De ce fait, j'ai voulu attirer ton attention par tous les moyens que je trouvais. Je voulais que tu me vois aussi, je voulais compter pour toi, même si pour cela je devais essuyer tes colères. Je me disais que de cette façon j'avais une partie de ton attention même si ce n'était pas celle que je souhaitais. Plus les années passaient et plus je voyais qu'au fond cela ne me suffuisait pas. J'étais et le suis encore, trop fier pour avouer que je souffrais de cette vie de famille.

Je gardais la tête haute et clamait à qui voulait l'entendre que je voud haïssais plus que tout. Rien qu'une belle façade n'est-ce pas ? Toute mon arrogance ressortait bien à ces moments. Moyen de me protéger ? Peut être. Tout ce que je sais c'est que j'ai hérité dès lors du rôle de mouton noir des Black. Ce n'était pas mon but mais au final je voulais être différent de toi, d'eux. Je ne voulais pas de votre dogme. Je voulais être libre mais au fond mes choix m'ont enchaînés dans une illusion que je devais maintenir. Par arrogance j'ai fini à Griffondor pour vous montrer ma différence.
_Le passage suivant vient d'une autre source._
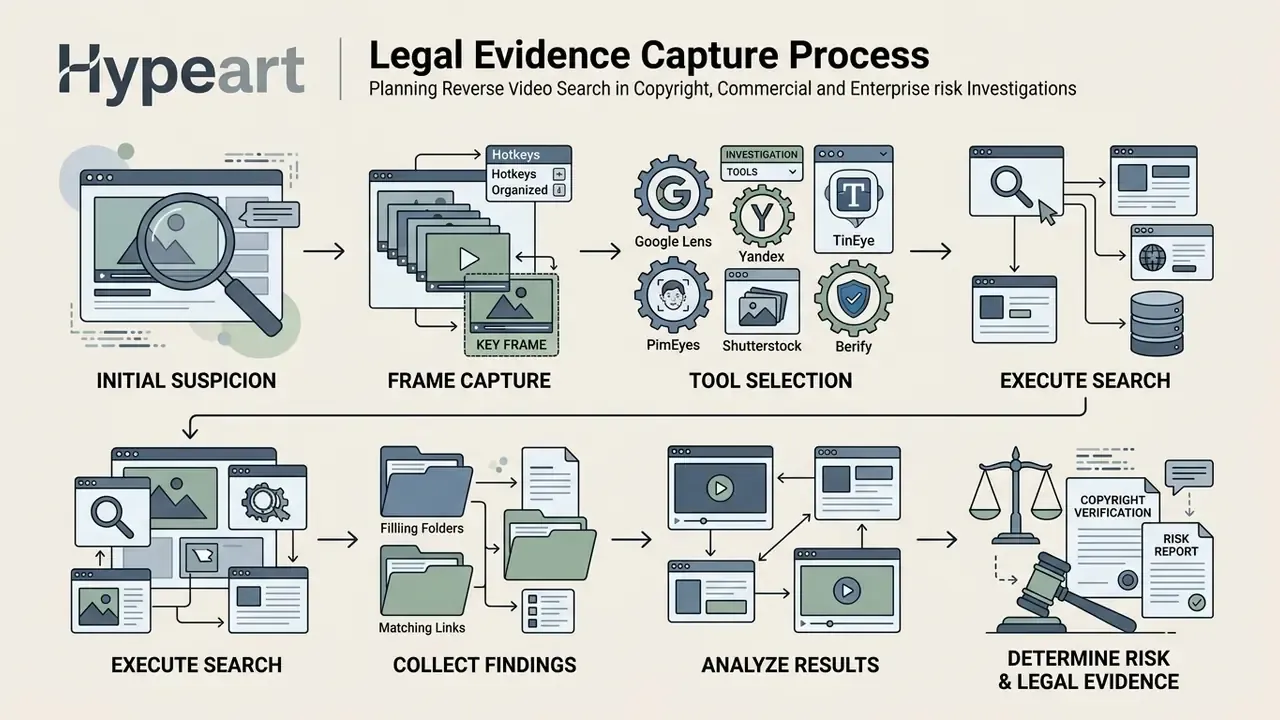 Sequential steps for collecting legal evidence including frame capture, tool selection, and risk analysis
J'ai joué le rôle du gamin pourri gâté, toujours joyeux et charmant. Je savais que ça te mettrait hors de toi. Ta progéniture se conduisait comme ces sorciers de seconde zone, s'alliant avec eux. L'honneur des Black était baffoué, comme l'aimait me le rappeler cette chère folle de Bellatrix. Une chose était sûre, c'était que si vous n'aviez pas réussi à nous imposer votre coupe, à Androméda et moi, vous aviez réussi à former vos petits automates sur les autres. Je tenais à Androméda et tu en as joué. C'était ignoble de ta part. Tu as pris la décision de nous empêcher de nous voir. Du jour au lendemain j'ai perdu l'un de mes plus grands repères familliaux. A défaut d'être mon repère familliale, tu as voulu que je n'en ai pas.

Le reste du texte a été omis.